A new motion from within the conservative government to slash tuition fees could look to save students £5,000 in upcoming academic years.
Chancellor Phillip Hammond is currently considering slashing tuition fees for university students to £7,500 annually as part of the Autumn budget. This move comes after the general election that lost the Conservatives their majority and has been seen by some as an attempt to make the party more appealing to young people, who voted overwhelmingly against the Conservatives in June.
However, government ministers have stated that the reduction in fees is in response to concerns that many students, particularly those taking arts degrees, are not receiving value for money and may even struggle to find jobs in the future whilst universities rake in the cash.
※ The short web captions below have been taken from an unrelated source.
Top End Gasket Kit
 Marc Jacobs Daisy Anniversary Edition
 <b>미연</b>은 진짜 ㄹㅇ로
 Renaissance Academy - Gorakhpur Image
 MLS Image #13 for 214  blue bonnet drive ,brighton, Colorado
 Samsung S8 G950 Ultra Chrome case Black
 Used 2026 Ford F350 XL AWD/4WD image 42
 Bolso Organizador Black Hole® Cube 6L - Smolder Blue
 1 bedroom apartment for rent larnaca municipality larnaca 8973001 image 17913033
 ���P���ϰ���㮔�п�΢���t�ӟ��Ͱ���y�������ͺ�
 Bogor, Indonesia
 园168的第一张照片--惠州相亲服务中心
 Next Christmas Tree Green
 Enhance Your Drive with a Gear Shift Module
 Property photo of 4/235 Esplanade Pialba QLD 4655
The government has also been warned that most graduates will never pay off their student debt, which will be written off after 30 years for students in England and Wales.
If the proposals are to be put in place future students will be saving in excess of £5,000
Science courses are more expensive to run and therefore it has been suggested that although all students will pay £7,500 annually, the government will pay an extra £1,500 each year to the university for each science student to cover the greater cost. Hammond also plans to propose to reduce the student loan interest rate, which currently stands at 6.1%, and raise the repayment threshold to £25,000.
Shakira Martin, the president of the National Union of Students said, “We welcome commitments from any political party – to rethink the failed experiment that is the current £9,000 tuition fees system.” She also criticised the government for not committing to bring back maintenance grants, which were scrapped last year.
Hammond’s proposals are due to appear in the Autumn budget which will be published on 22nd November this year. If the proposals are to be put in place future students will be saving in excess of £5,000 for a standard three-year course as early as Autumn 2018.